Franco Malacisa pisó por primera vez a Madrid el 7 de abril de 2025, para celebrar el 25º aniversario de su boda. “Le dije a mi mujer: ‘Voy a armar un restaurante en Madrid’. Y bueno, acá estamos. No le mentí“. La restauración no era algo nuevo para Franco, dueño de otros dos restaurantes allá en Argentina. Por eso, y porque contaba con el apoyo incondicional de su hijo Donato, decidió saltar el charco y apostar por esa ciudad por la que había sentido un flechazo.

”Madrid está en la cresta de la ola. La gente consume, la gente come, sale... Hay ciudades en el mundo donde la gente sale, pero no hay tantas como uno cree. En Madrid la gente sale a comer y eso me encanta", asegura el cocinero en su entrevista con Infobae.

Pasó menos de un año hasta que Brazza (C. Orfila, 7), su primer local en la capital española, vio la luz, un proyecto que tiene al propio Donato, de 25 años, al frente.
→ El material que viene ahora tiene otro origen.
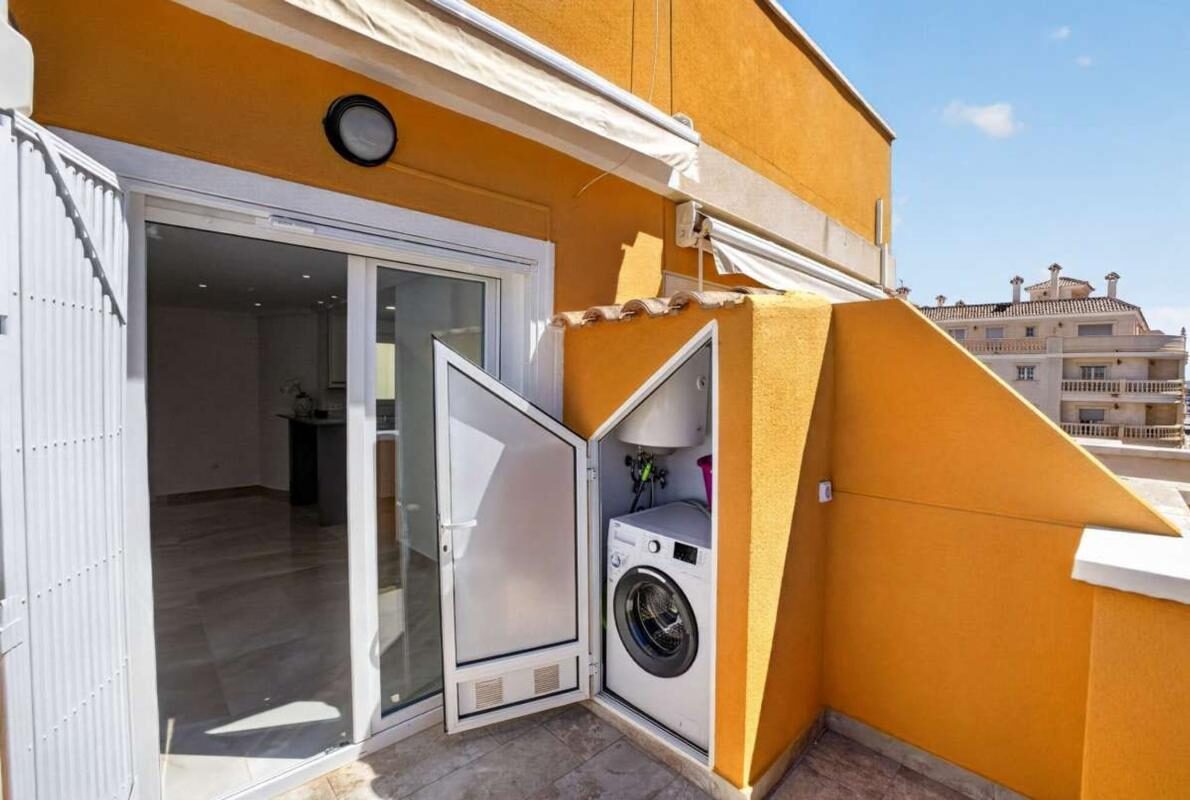 Квартира с 2 спальнями, 74м² в Торревьеха, Испания [ID: 0152-530834]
La apertura ha sido rápida, como quiere que sea también el crecimiento de su ‘imperio’ madrileño. “Quiero abrir siete locales más”, dice, ambicioso, el patriarca de los Malacisa. “No van a ser todos argentinos. Van a ser diferentes tipos de restaurantes, pero ese es mi objetivo. Para eso salí de casa”.

Entrevista con Franco y Donato
Entrevista con Franco y Donato Malacisa propietarios del restaurante Brazza (Alejandro Higuera López / Infobae)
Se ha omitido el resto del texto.